Turn any page into a JSON API with Cloudflare Workers

Cloudflare workers are Cloudflare's answer to edge/serverless functions. Code that lives "on the edge". You can read more about them here:

What I understand them is allowing me to write some JavaScript on someone else's server. The cool thing about Cloudflare Workers is they can intercept a request, tweak it, and return it (like a self-owned man-in-the-middle attack). One example of this is adding an extra cookie to the request.

However, this blog isn't covering that - instead we are going to utilise HTMLRewriter - a class which allows you to modify/search/replace the HTML response.

The original purpose of the HTMLRewriter is to modify the response - you could use it to add some dynamic content to a static page, for example. The thing if offers, though, is a powerful API for analysing and extracting data from the page - we can leverage that to extract key, consistent elements and assign them keys in a JSON array/object.

For the examples in this post, we'll turn a blog post from this website into a "simple" API endpoint.

Note: for this blog, we will be using the Quick edit in the worker interface - but you can develop locally.

Setting up the worker

Log into Cloudflare and create a new Worker service - call it what you wish and select HTTP handler. Once ready, click the Quick edit button in the top right.

To get started, copy and paste the below code:

// Set the page to get
const url = 'https://www.mikestreety.co.uk/blog/how-to-delete-a-git-branch/'

// Set up a fetch handler
addEventListener('fetch', event => {
	event.respondWith(handleRequest(event.request));
});

// Handle the request
async function handleRequest(request) {
	// Load the URL
	let response = await fetch(url);
	// Get the contents
	let html = await response.text();

	// Return the contents
	return new Response(html, {
		headers: {
		 'content-type': 'text/html;charset=UTF-8',
		},
	});
}

You can click the Send button in the debugger and view the output or Save and deploy and visit the page in the browser. This returns the html of the page directly - without doing anything to it.

Modify the HTML

If you wanted to change the response, you can introduce the HTMLRewriter.
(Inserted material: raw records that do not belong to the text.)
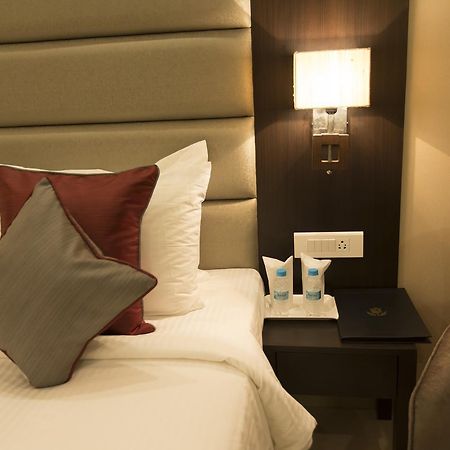 Golden Tulip Saltlake Калькутта Экстерьер фото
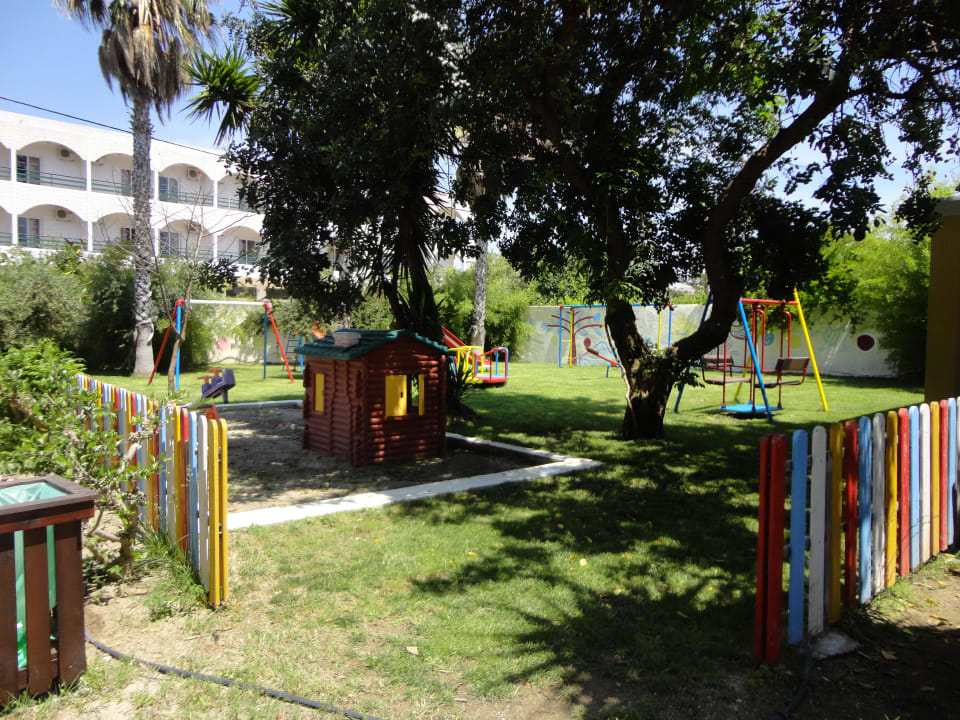 Plac zabaw dla dzieci Apollon Hotel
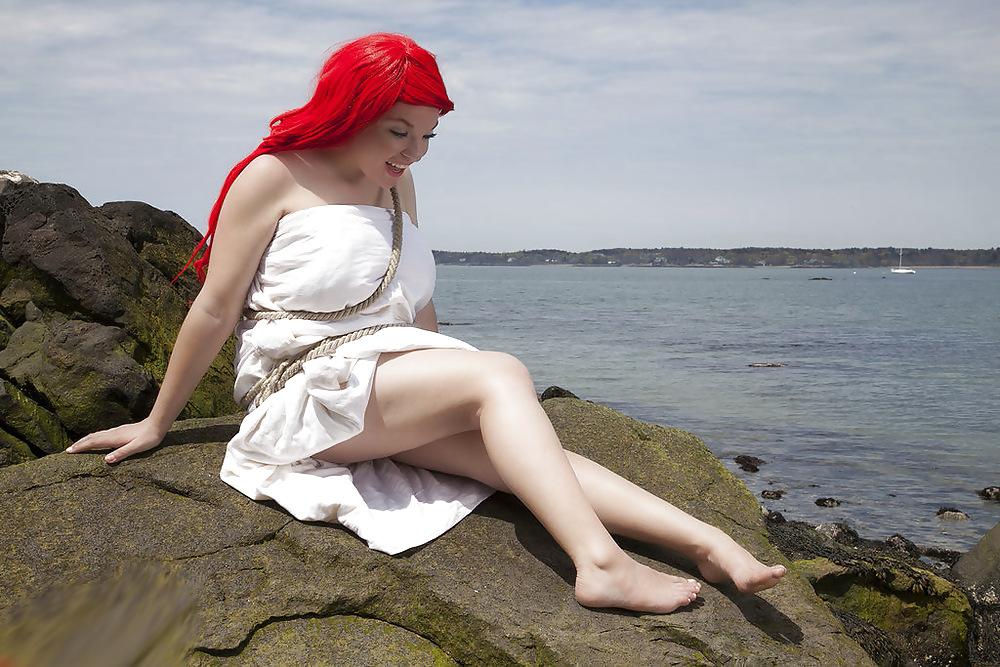 25P Red Hair, Feet Bare 8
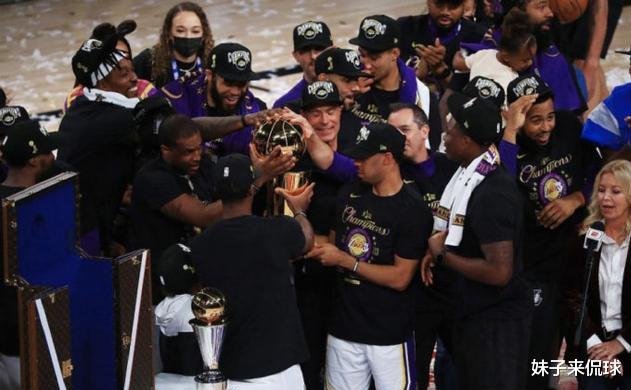 勒布朗·詹姆斯|NBA总冠军颁奖典礼,有谁注意詹姆斯的站位,再次体现高情商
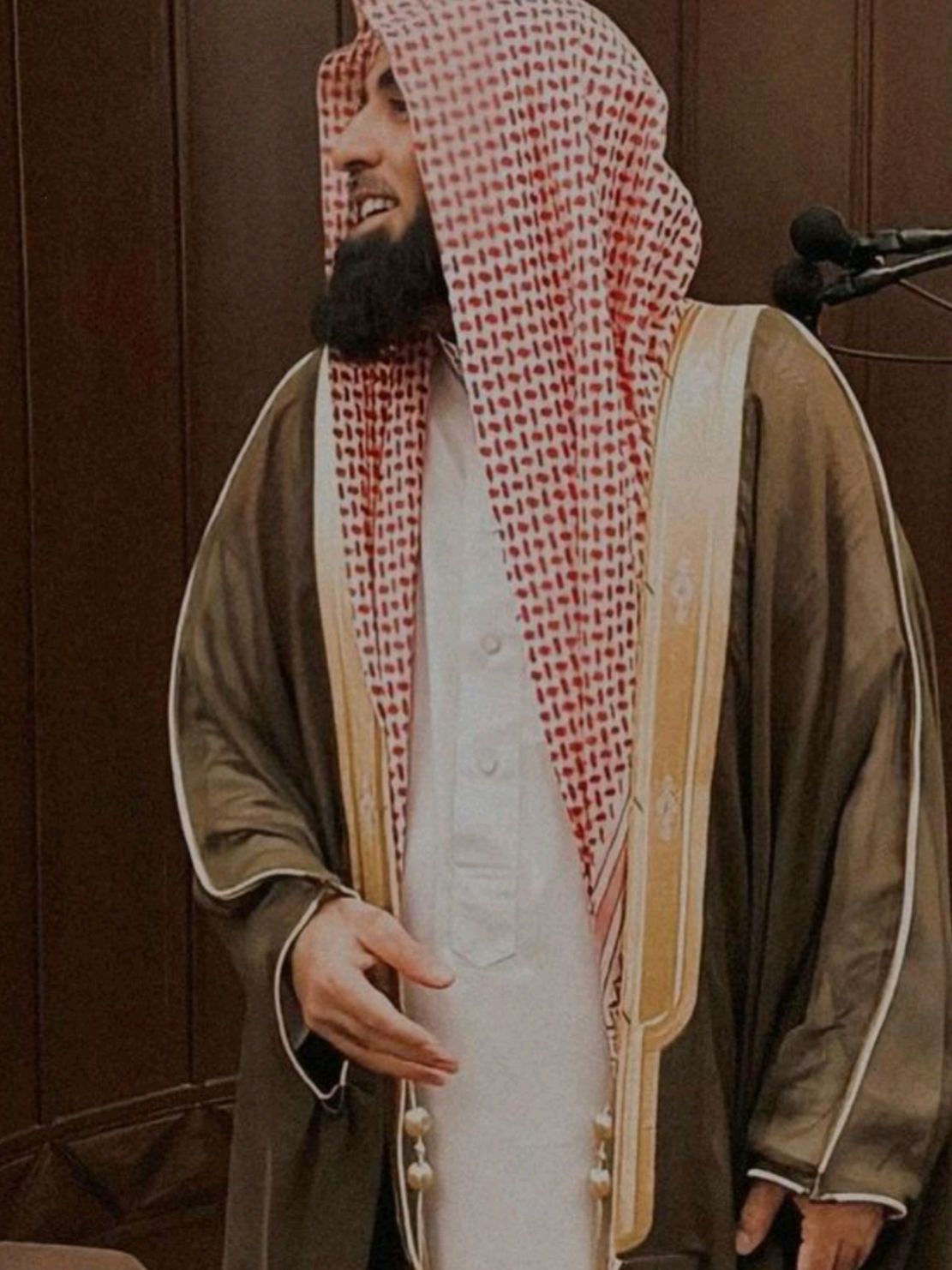وكأنها صلاة مودّع ~ عشائية مؤثرة أبكت المصلين للشيخ محمد اللحيدان  #محمد_اللحيدان #سورة_الحديد #تلاوة_خاشعة #النبرة_اللحيدانية #قران 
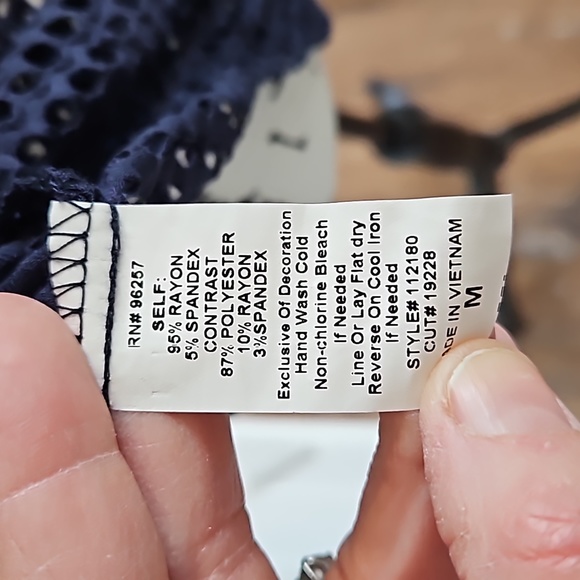 PenSeption Concept SEE-THROUGH Top with Gold chain accent, navy blue, medium - Picture 6 of 6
As a first example, this updates the h1 on the page to be the current date

async function handleRequest(request) {
	let response = await fetch(url);

	// Start our HTML Rewriter
	return new HTMLRewriter()
		// Select the h1
		.on('h1', {
			// Modify the element
			element(element) {
				element.setInnerContent(new Date());
			}
		})
		// Pass in the response
		.transform(response)
}

One thing to note is the transform() function goes last.

The on() method takes a jQuery-like DOM selector, this can be classes or IDs or HTML elements (or a mix) - you can be as specific as you like.

Initial JSON array

Now we know how to initialise the HTMLRewriter, we can start to see how we could utilise it. The on() method also has a text method, for returning the text of the element.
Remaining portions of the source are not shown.